Curieux, il gravit rapidement les échelons jusqu’à devenir directeur de clinique à seulement 26 ans. Paris, Natécia, l’Hôpital privé de l’Est Lyonnais, Ramsay Santé, la Polyclinique du Beaujolais où il traverse la crise du Covid, puis une parenthèse inattendue chez Sport dans la Ville, avant de revenir dans la santé à Ambérieu-en-Bugey.
Une carrière construite au fil des opportunités plus qu’à coups de plans de carrière. « Souvent, quand le bus passe, il faut monter. Il ne passera pas trois fois. Il faut savoir saisir l’opportunité », résume-t-il.
Préserver l’âme de la Clinique du Parc
Depuis janvier, Sylvain Favier pilote l’un des établissements les plus emblématiques de la médecine privée lyonnaise. Une centaine de chirurgiens libéraux, près de 240 collaborateurs, 35 millions d’euros de chiffre d’affaires et une activité de 100 à 120 patients pris en charge chaque jour, dont une large majorité en chirurgie ambulatoire.

Bâtiment ultra-moderne, la Clinique du Parc, propriété du groupe ELSAN, se situe boulevard Stalingrad.
Référence historique en orthopédie, la Clinique du Parc, propriété du groupe ELSAN, rayonne également en chirurgie esthétique, bariatrique, ophtalmologie ou neurochirurgie. « La Clinique du Parc est une institution lyonnaise. Elle a toujours su être à la pointe de l’innovation tout en gardant un esprit humain. C’est cet ADN qu’il faut conserver pour l’avenir », insiste le directeur.
Son premier réflexe n’a pas été d’imposer sa méthode, mais d’écouter. Rencontrer les équipes, les praticiens, comprendre ce qui fait l’identité de la clinique avant d’accompagner son évolution.
Le vestiaire comme école de management
Pour comprendre Sylvain Favier, il faut pousser la porte d’un vestiaire de football. Vice-président du FC Lyon-Croix-Rousse, fidèle supporter des Verts, il revendique l’influence du sport collectif sur sa manière de diriger. « Mes valeurs, je les ai apprises dans le sport collectif. La performance, je l’ai apprise dans le sport individuel », souligne-t-il.

Sylvain Favier sur le toit de la Clinique du Parc.
Son bureau devient parfois un terrain de jeu. Le maillot stéphanois sert d’« icebreaker ». Vêtues de vert, les équipes viennent parfois solliciter une signature du directeur, et chacun connaît la plaisanterie : « Si Saint-Étienne gagne le week-end, vous passerez une bonne semaine ! »
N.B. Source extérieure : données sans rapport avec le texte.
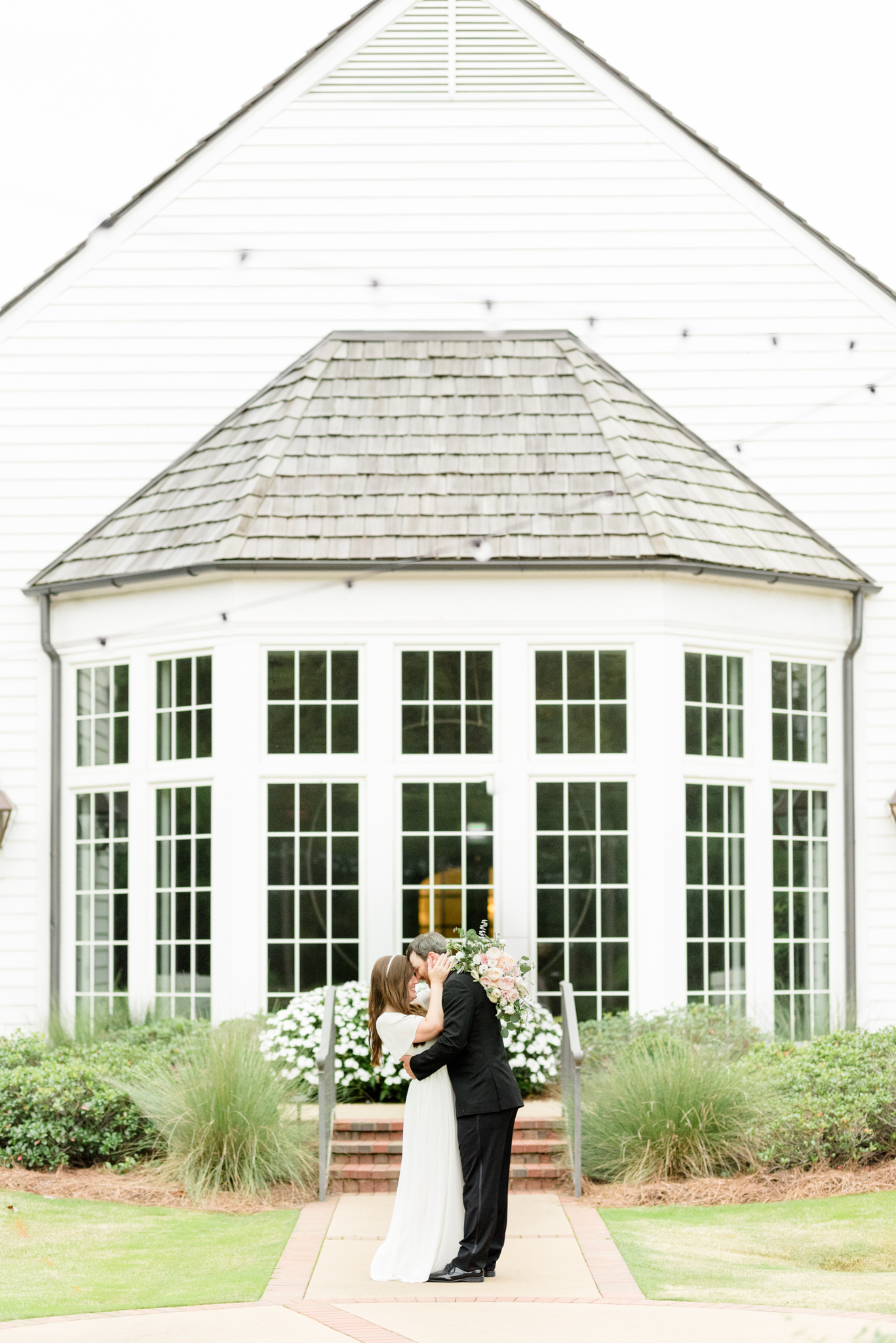 Couple cuddles in front of white building.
Derrière l’humour se cache une philosophie de management inspirée d’Albert Camus, dont il aime citer cette phrase : « Ce que je sais de plus sûr à propos de la moralité et des obligations des hommes, c’est au football que je le dois ».
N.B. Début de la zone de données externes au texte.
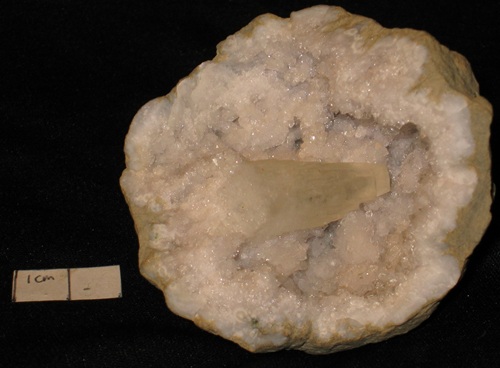 Calcite crystal in a quartz geode. This is an example of a lucky break when opening the geode, collected in November 1984 on the north side of the Harrodsburg, IN, exit.
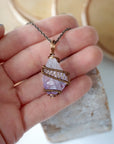 Raw amethyst point pendant necklace on antique bronze chain held in hand for size reference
Et lorsqu’on lui demande quelles sont ses ambitions, il répond presque à contre-courant de son époque. Pas de carrière à gravir ni de prochain fauteuil à conquérir. Seulement une ligne directrice : laisser une institution plus forte qu’il ne l’a trouvée. « Être sérieux sans se prendre au sérieux », résume-t-il. Une formule qui, à bien des égards, pourrait devenir sa signature.